-------- DATA EXCERPTS

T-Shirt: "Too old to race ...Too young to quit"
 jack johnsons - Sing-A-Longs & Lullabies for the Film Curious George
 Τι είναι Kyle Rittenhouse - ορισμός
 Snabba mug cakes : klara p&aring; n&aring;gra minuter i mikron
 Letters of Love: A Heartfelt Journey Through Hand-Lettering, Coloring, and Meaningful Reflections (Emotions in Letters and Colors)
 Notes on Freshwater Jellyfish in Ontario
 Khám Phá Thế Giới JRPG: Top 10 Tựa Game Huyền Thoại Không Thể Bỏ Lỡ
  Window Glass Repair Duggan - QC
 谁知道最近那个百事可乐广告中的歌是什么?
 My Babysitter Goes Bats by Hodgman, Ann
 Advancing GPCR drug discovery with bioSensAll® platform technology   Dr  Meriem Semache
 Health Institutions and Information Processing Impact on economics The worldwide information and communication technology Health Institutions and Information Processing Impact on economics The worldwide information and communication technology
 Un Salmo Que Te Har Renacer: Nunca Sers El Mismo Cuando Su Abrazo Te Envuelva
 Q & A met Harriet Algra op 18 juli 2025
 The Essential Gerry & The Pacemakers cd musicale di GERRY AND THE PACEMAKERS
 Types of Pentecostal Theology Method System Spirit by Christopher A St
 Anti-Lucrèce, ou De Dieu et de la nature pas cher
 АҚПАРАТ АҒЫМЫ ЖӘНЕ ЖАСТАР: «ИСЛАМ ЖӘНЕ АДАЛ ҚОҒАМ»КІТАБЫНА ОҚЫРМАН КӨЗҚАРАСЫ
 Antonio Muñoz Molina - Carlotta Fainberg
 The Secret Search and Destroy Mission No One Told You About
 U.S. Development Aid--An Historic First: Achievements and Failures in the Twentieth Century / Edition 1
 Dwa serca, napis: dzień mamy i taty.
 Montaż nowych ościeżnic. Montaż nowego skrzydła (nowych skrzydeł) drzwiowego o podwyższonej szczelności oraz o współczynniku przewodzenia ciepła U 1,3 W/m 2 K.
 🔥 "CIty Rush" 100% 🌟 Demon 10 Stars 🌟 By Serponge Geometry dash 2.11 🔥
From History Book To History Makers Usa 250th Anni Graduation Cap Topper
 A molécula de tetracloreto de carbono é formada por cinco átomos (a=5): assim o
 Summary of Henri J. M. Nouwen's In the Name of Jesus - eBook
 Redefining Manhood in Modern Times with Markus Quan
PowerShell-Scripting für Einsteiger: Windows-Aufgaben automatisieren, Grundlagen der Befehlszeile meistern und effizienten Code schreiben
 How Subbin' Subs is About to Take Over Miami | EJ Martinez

----------------

### WORK INSTRUCTION:
Lines that hold "About" are the ones to copy, so pick each out from the data.

### TASK OUTPUT:
 The Secret Search and Destroy Mission No One Told You About
 How Subbin' Subs is About to Take Over Miami | EJ Martinez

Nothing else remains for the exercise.